2. PRINCIPIO DA CONSUNÇÃO (art. 48 x art. 64)
De forma subsidiária, pelo princípio da eventualidade, argumenta- se ainda que, segundo entendimento já consolidado no TRF4, ocorre o conflito aparente de normas quando há a incidência de mais de uma norma repressiva em relação a uma única conduta delituosa.

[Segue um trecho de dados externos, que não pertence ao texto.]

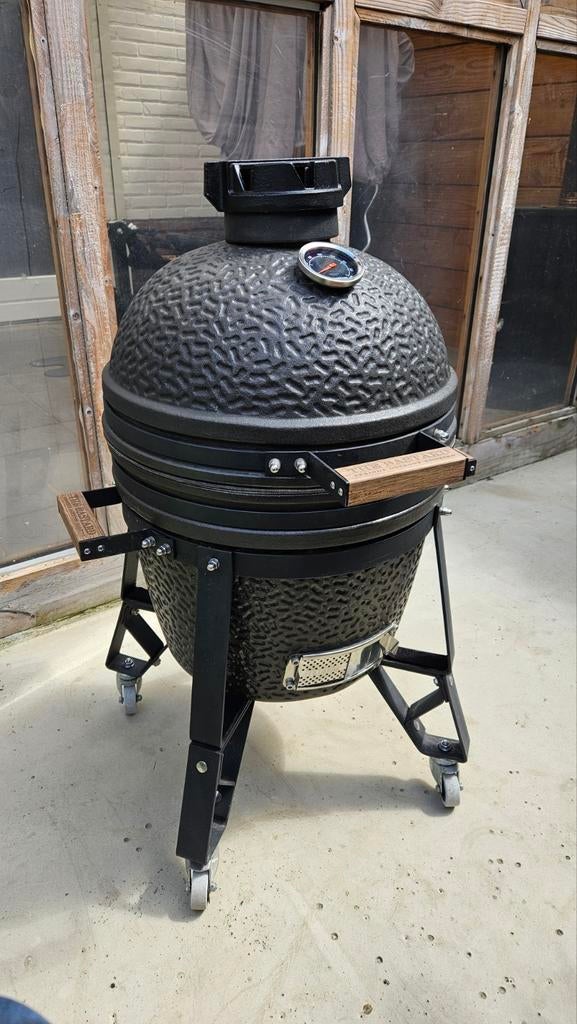 Bastard Urban Medium, Tuin en Terras, Houtskoolbarbecues, Ophalen, Zo goed als nieuw, The Bastard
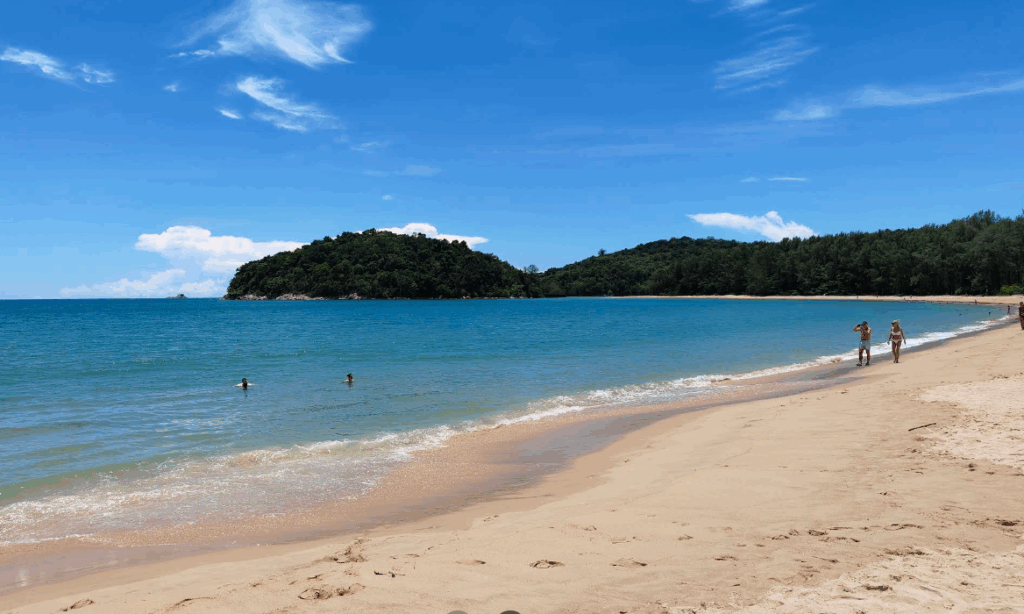 朝のラグーナビーチ・涼しく乗馬にお勧めの時間帯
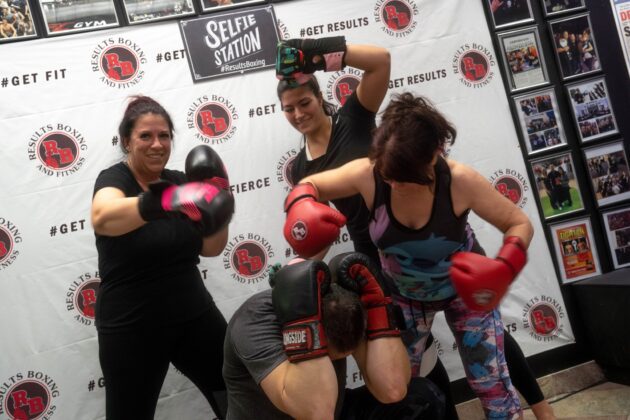 Selfie Station Women Boxing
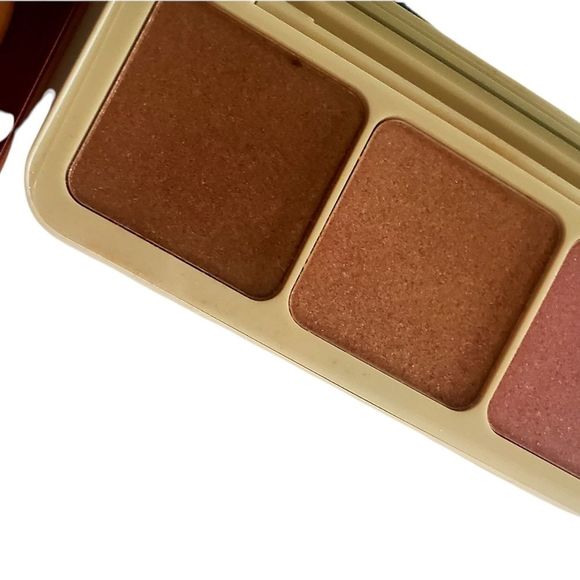 CoverFX Enhancer & Wander Beauty Trip for Two Blush/Bronzer/Highlighter palettes - Picture 8 of 16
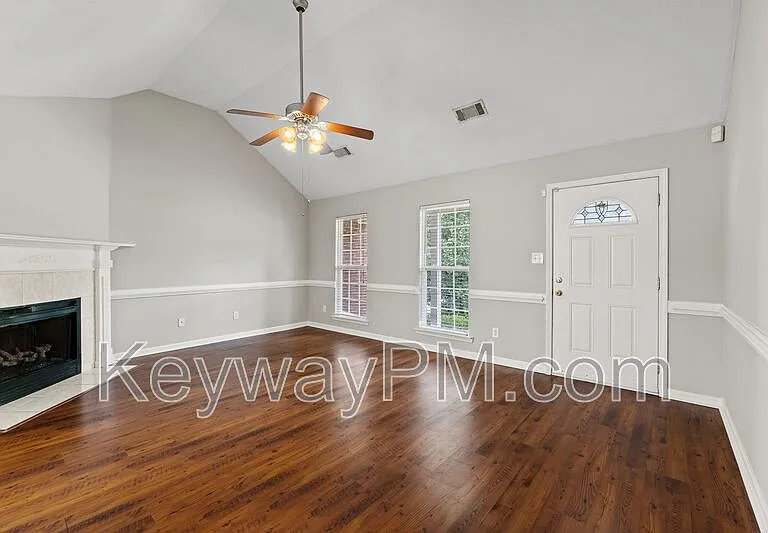 3612 Pebble Creek Dr — Photo 3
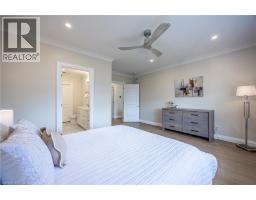 45 BLUENOSE Drive - 21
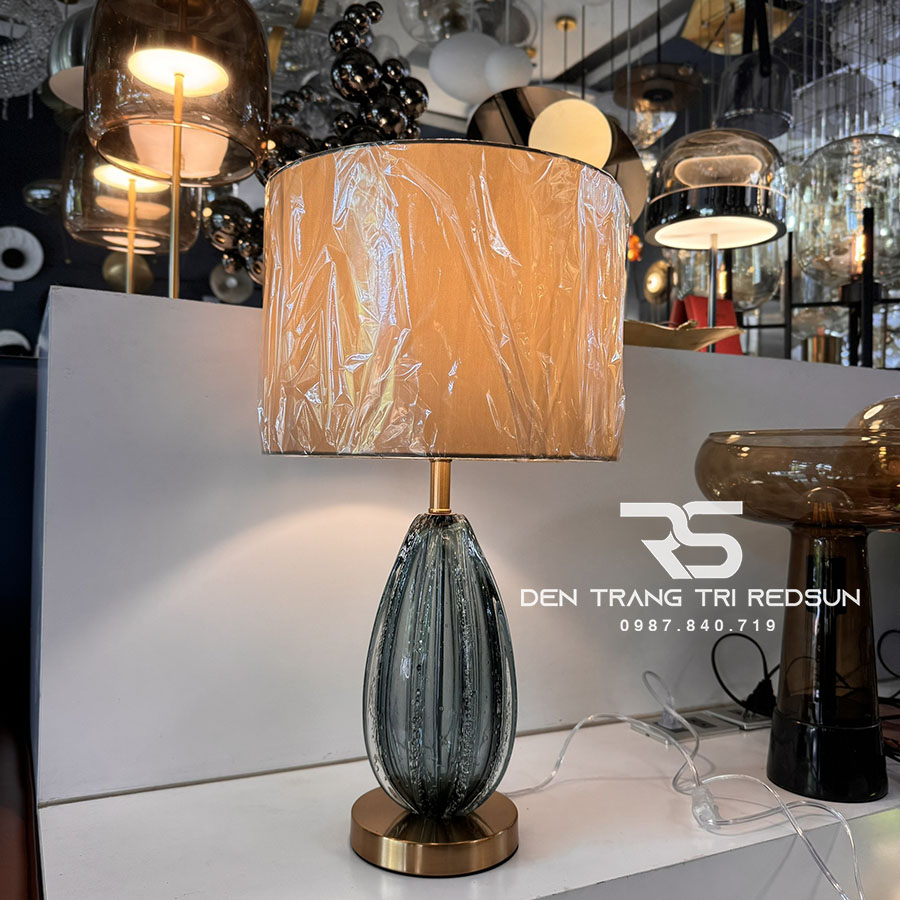 Đèn Bàn Hiện Đại Bắc Âu DB2074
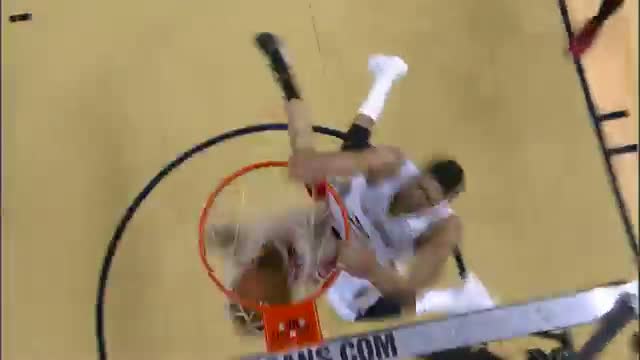 NBA: Anthony Davis Swoops in to Throw Down the Monster Oop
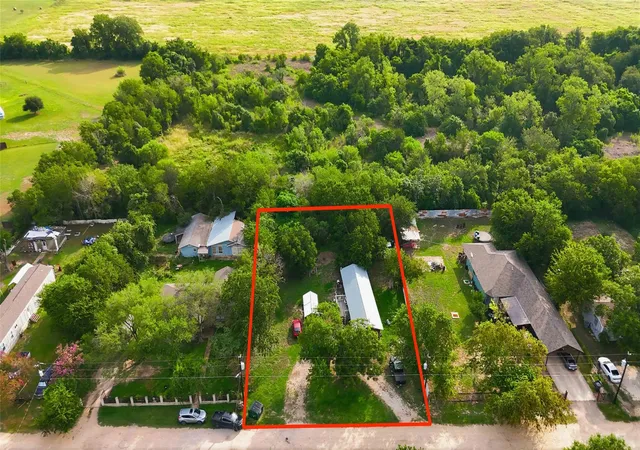 2nd image of 43 Skycrest Dr, Martindale, TX 78655 | MLS# 1086619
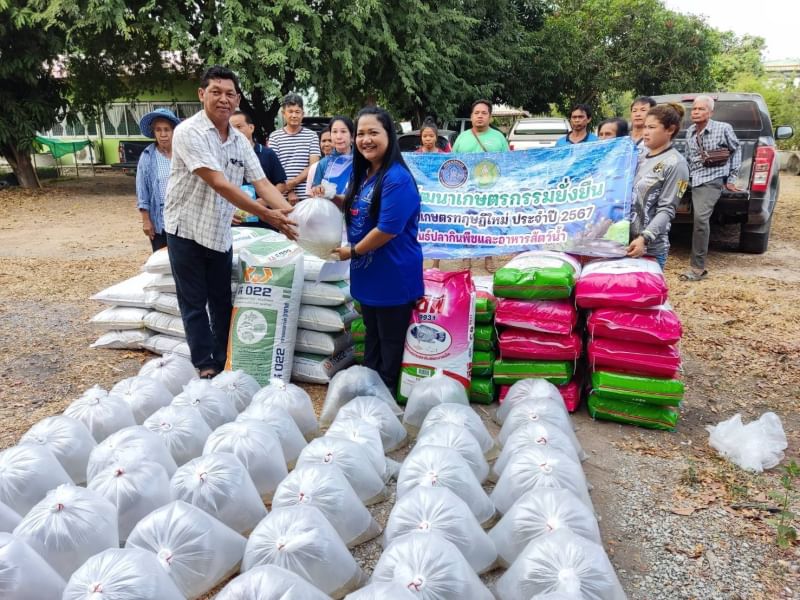 สำนักงานประมงจังหวัดนครสวรรค์ลงพื้นที่ ถ่ายทอดความรู้ และให้คำแนะนำการเพาะเลี้ยงสัตว์น้ำจืด  และให้ความรู้เรื่องมาตรฐานฟาร์มเพาะเลี้ยงสัตว์น้ำจืด..คลิก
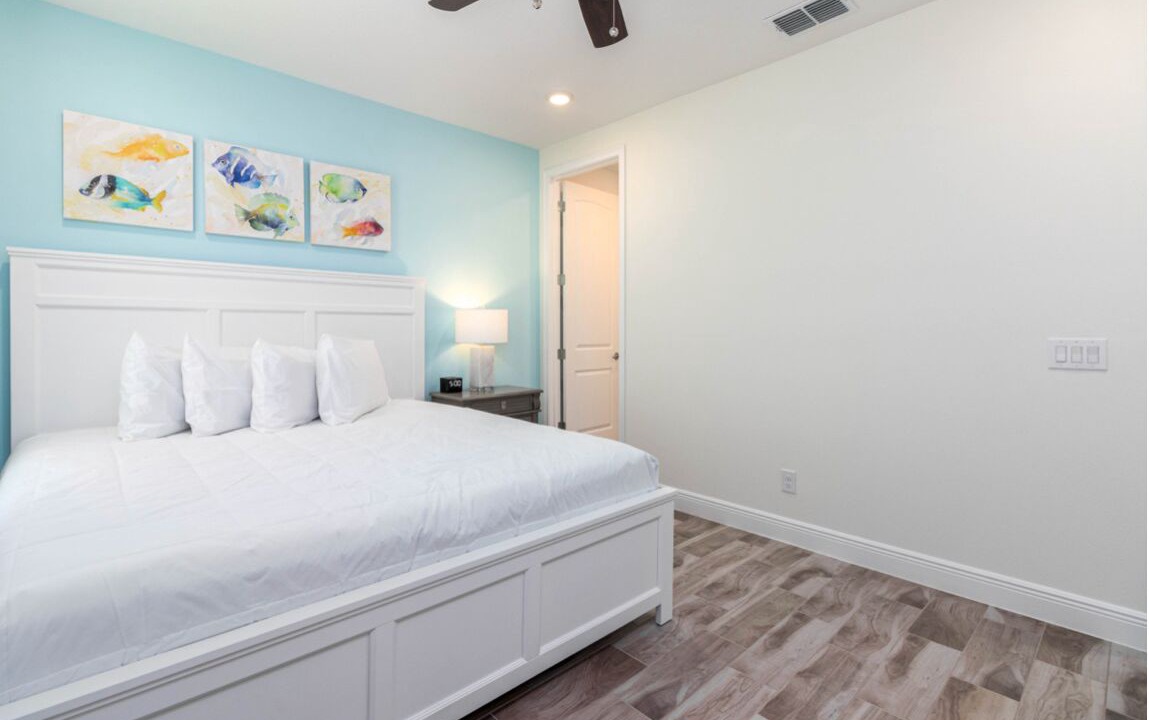 Photo of Bathroom in Bay Lake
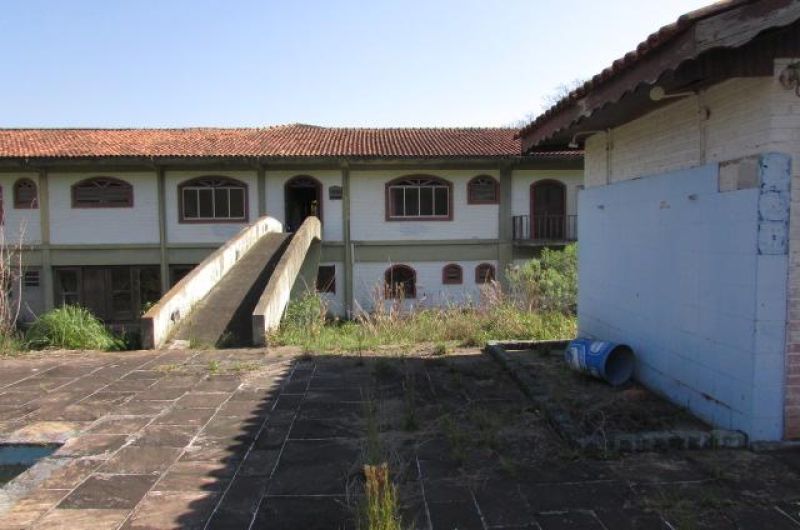 Prédio com 3490m² à venda no bairro Km 4, Taquara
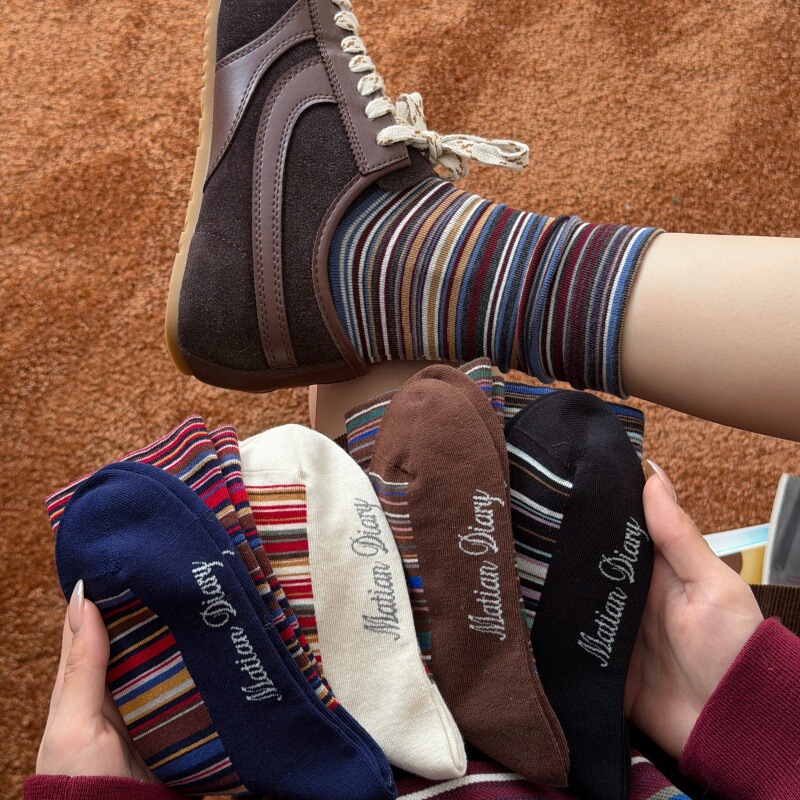 Korean-style striped mid-calf socks for women, made of long-staple cotton, with letter designs, new autumn and winter casual socks, college-style sports trendy socks Korean-style striped mid-calf socks for women, made of long-staple cotton, with letter designs, new autumn and winter casual socks, college-style sports trendy socks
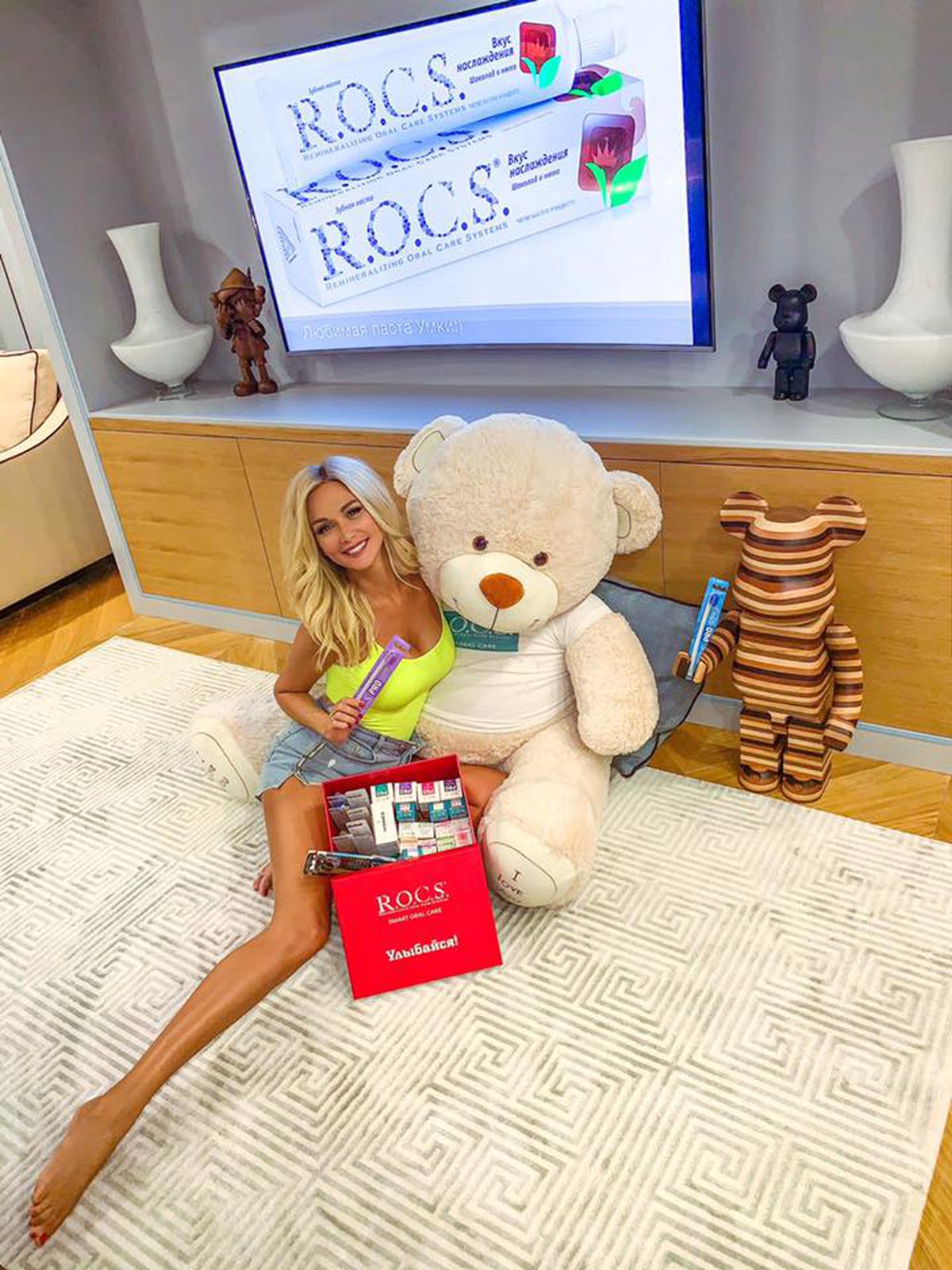 FOTO Victoria Lopyreva l-a făcut uitat pe Messi la Gala FIFA The Best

Assim como no caso dos autos, ponderam os nobres julgadores que o crime de impedir a regeneração de floresta se dá como mero gozo da construção em solo não edificável, incidindo a absorção do crime-meio pelo crime-fim de edificação proibida. Cabe citar as seguintes decisões da Sétima Turma:
APELAÇÃO CRIMINAL. PENAL. CRIME AMBIENTAL. ARTIGOS 39, 48, 63 E 64 DA LEI Nº 9.605/98. CONSTRUIR EM LOCAL NÃO – EDIFICÁVEL. CORTAR ÁRVORES DE FLORESTA CONSIDERADA DE PRESERVAÇÃO PERMANENTE. CRIME-MEIO. IMPEDIR A REGENERAÇÃO DA FLORA. PÓS-FATO IMPUNÍVEL. PRINCÍPIO DA CONSUNÇÃO. POSSIBILIDADE. PRECEDENTES. ART. 330 DO CP. MATERIALIDADE COMPROVADA. AUTORIA. AUSÊNCIA DE PROVAS. DOLO NÃO COMPROVADO. MANUTENÇÃO DA SENTENÇA ABSOLUTÓRIA. 1. Ocorre o conflito aparente de normas quando há a incidência de mais de uma norma repressiva em relação a uma única conduta delituosa. 2. O crime de impedir a regeneração de floresta se dá como mero gozo da construção em solo não edificável, incidindo a absorção do crime-meio pelo crime- fim de edificação proibida. O crime de cortar árvores de floresta considerada de preservação permanente dá-se como meio necessário da realização do único intento de construir em solo não edificável, em razão do que incide a absorção do crime-meio de destruição de vegetação pelo crime-fim de edificação proibida. Precedentes. 3. No tocante às imputações dos art. 63 e 64 da Lei de Crimes Ambientais e art. 330, CP, impõe-se a manutenção da sentença de absolvição, em observância ao princípio in dubio pro reo, uma vez que o conjunto fático-probatório deixa dúvidas quanto à autoria dos delitos[1].
No mesmo sentido:
PENAL. PROCESSUAL PENAL. RECURSO CRIMINAL EM SENTIDO ESTRITO OPOSTO PELO MINISTÉRIO PÚBLICO FEDERAL CONTRA DECISÃO QUE APLICOU O PRINCÍPIO DA CONSUNÇÃO ENTRE OS CRIMES DO ART. 48 E 64 DA LEI N.º 9.605/98. 1. Ocorre o conflito aparente de normas quando há a incidência de mais de uma norma repressiva numa única conduta delituosa, sendo que tais normas possuem entre si relação de hierarquia ou dependência, de forma que somente uma é aplicável. 2. O crime de destruir área de preservação permanente dá-se como meio necessário da realização do único intento de construir edificação em solo não edificável, sendo o crime-meio de destruição de vegetação absorvido pelo crime-fim de edificação proibida. 3. Descartada a possibilidade da configuração do concurso material entre os delitos tipificados nos artigos 48 e 64 da Lei n. 9.605/98, deve-se admitir a consunção entre os crimes do art. 48 e 64, quando o impedimento for diretamente resultante da construção (manutenção da obra), tornando-se o art. 48 um pós-fato impunível. 4. Recurso em sentido estrito desprovido[2].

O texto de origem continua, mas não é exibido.